▶ What you should do
Only the lines from the one containing "this 1000×656 image." to the end of the entries should be written out, each exactly as it stands, both ends included.

▶ Records from a dataset

****

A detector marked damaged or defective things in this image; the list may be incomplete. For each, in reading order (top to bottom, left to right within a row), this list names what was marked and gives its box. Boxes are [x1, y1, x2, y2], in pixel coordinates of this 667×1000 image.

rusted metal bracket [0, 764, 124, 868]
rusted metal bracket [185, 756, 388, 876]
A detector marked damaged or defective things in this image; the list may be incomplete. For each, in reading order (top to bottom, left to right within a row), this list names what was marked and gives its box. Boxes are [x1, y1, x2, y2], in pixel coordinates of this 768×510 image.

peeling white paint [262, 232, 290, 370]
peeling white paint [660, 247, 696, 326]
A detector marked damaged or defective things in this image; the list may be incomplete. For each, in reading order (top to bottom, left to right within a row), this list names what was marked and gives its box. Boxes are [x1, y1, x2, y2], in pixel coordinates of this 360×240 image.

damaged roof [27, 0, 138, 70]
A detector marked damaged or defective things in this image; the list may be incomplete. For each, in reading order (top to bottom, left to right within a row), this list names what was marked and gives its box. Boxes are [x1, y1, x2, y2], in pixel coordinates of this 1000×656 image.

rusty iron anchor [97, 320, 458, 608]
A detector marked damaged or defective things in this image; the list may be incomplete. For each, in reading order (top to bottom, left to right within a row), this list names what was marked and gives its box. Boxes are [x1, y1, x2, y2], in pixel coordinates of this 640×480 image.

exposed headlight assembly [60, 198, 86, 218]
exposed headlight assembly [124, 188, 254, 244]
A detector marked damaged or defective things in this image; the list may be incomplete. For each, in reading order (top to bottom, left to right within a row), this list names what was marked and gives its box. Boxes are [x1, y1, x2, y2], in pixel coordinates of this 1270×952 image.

****

▶ Answer space
A detector marked damaged or defective things in this image; the list may be incomplete. For each, in reading order (top to bottom, left to right within a row), this list names what was marked and gives its box. Boxes are [x1, y1, x2, y2], in pixel coordinates of this 1000×656 image.

rusty iron anchor [97, 320, 458, 608]
A detector marked damaged or defective things in this image; the list may be incomplete. For each, in reading order (top to bottom, left to right within a row), this list names what was marked and gives its box. Boxes are [x1, y1, x2, y2], in pixel coordinates of this 640×480 image.

exposed headlight assembly [60, 198, 86, 218]
exposed headlight assembly [124, 188, 254, 244]
A detector marked damaged or defective things in this image; the list may be incomplete. For each, in reading order (top to bottom, left to right within a row), this list names what was marked and gives its box. Boxes are [x1, y1, x2, y2], in pixel coordinates of this 1270×952 image.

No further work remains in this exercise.